This is another brick in Trump’s “invisible wall” to make immigration as difficult as possible.

A US Citizenship and Immigration Services officer handles folders with immigrants' applications for permanent US residency in the Dallas Field Office on August 22, 2016, in Irving, Texas.

As President Donald Trump wages a vocal battle against illegal immigration, his administration has been working more quietly to cut down on legal pathways to immigrate to the US.

On Tuesday, a new policy kicked in, allowing officers with the US Citizenship and Immigration Services to outright deny any visa or green card application that is missing evidence or contains an error. Around 7 million people apply every year.

Previously, officers were required by an Obama-era policy to send notices, giving applicants a chance to correct such problems instead of closing the process.

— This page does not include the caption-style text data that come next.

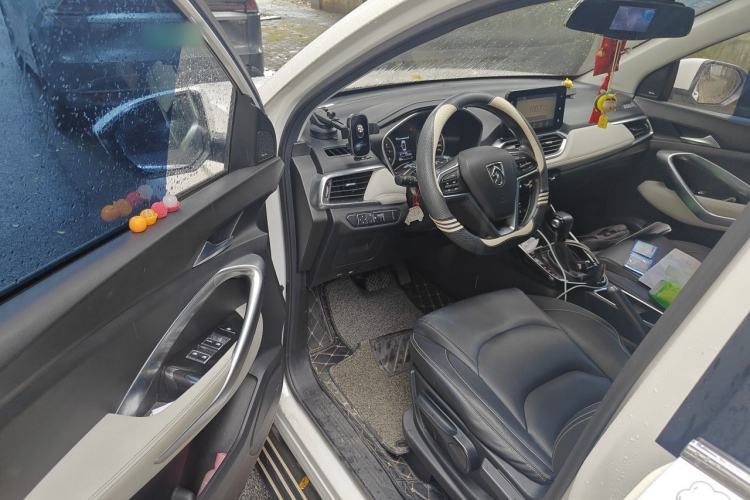 Used Baojun 530 2019 1.5T CVT Luxury 7-seater China VI Driver Seat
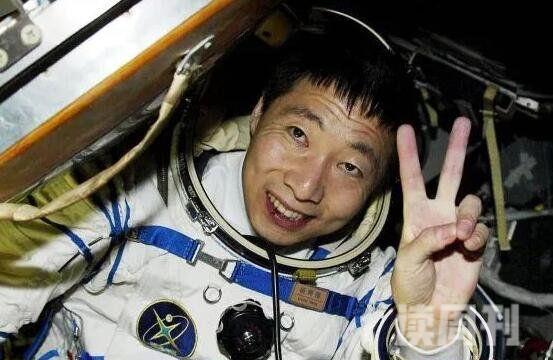 杨利伟誉为中国载人航天第一人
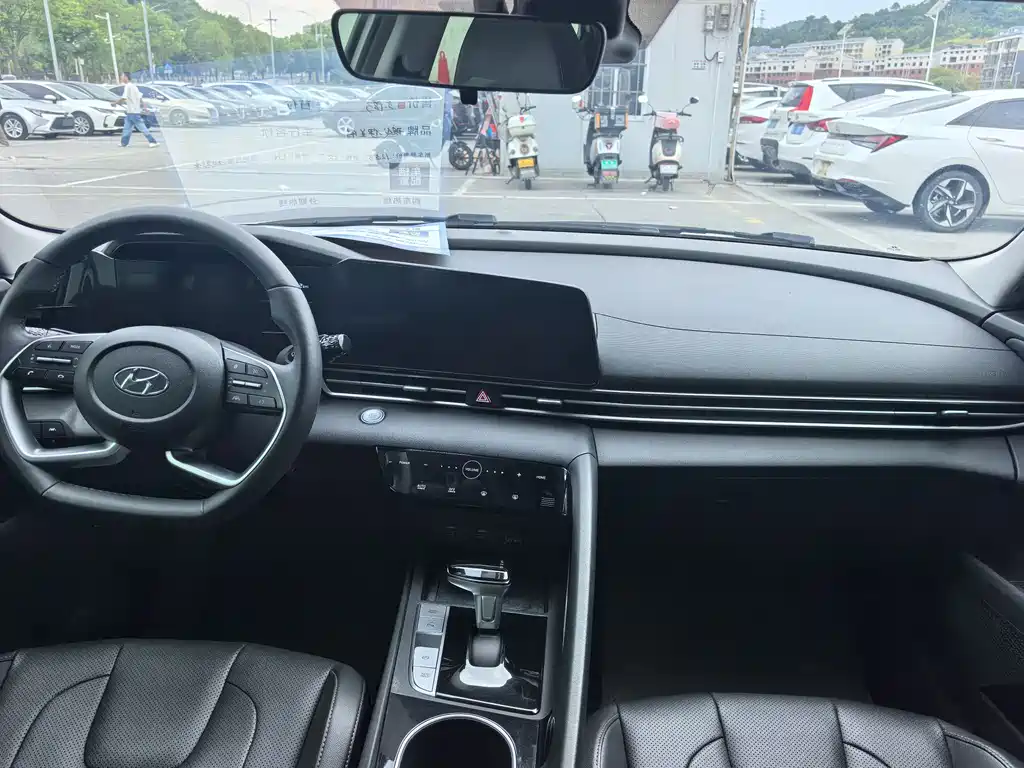 Hyundai Elantra 2023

Officers can still choose to do so, but they can also opt to skip that step if the application is deemed frivolous.

Without the notices, applicants won’t have the opportunity to intervene before a decision is made, potentially adding months or years of extra paperwork and thousands of dollars in fees to the already lengthy process. In the case of those trying to renew their visas while they’re still in the US, they could be placed in deportation proceedings the moment their visas expire.

USCIS spokesman Michael Bars said the policy was changed to cut down on frivolous applications. The agency has said applicants sometimes file substantially incomplete placeholder applications, knowing the back-and-forth with the USCIS will buy them time. “Under the law, the burden of proof is on the applicant,” Bars said, “not the other way around.”

But immigration lawyers worry that there is not enough oversight or clear standards to ensure fair handling. USCIS officers will now have near-complete discretion to make complex judgments behind closed doors.

“They can deny you on the fact that, subjectively, they feel in their mind [the application] is not approvable,” Pierre Bonnefil, an immigration attorney in New York, said.

One reason the lawyers are worried is that they’ve seen a barrage of scrutiny directed at once-standard immigration applications since Trump took office. ProPublica spoke with a dozen lawyers and reviewed documentation for several of these cases.

Many responses cited technicalities: One application was not accepted because the seventh page, usually left blank, was not attached. Another was rejected because it did not have a table of contents and exhibit numbers, even though it had other forms of organization.

“It seems like they are just making every single submission difficult,” Bonnefil said. “Even the most standard, run-of-the-mill” application.

The lawyers call this minefield of onerous paperwork an “invisible wall,” designed to make legal immigration as difficult as possible.

“People who are here legally, doing everything through proper channels, now feel as unsettled and unwelcome and uncertain about the future as people who don’t have documents,” Sandra Feist, an immigration attorney in Minnesota, said.

Under Trump, this has meant that cases drag on for weeks or months as lawyers scramble to address notices. Some lawyers have noticed an uptick in denials recently, but most say that strong cases still eventually make it through.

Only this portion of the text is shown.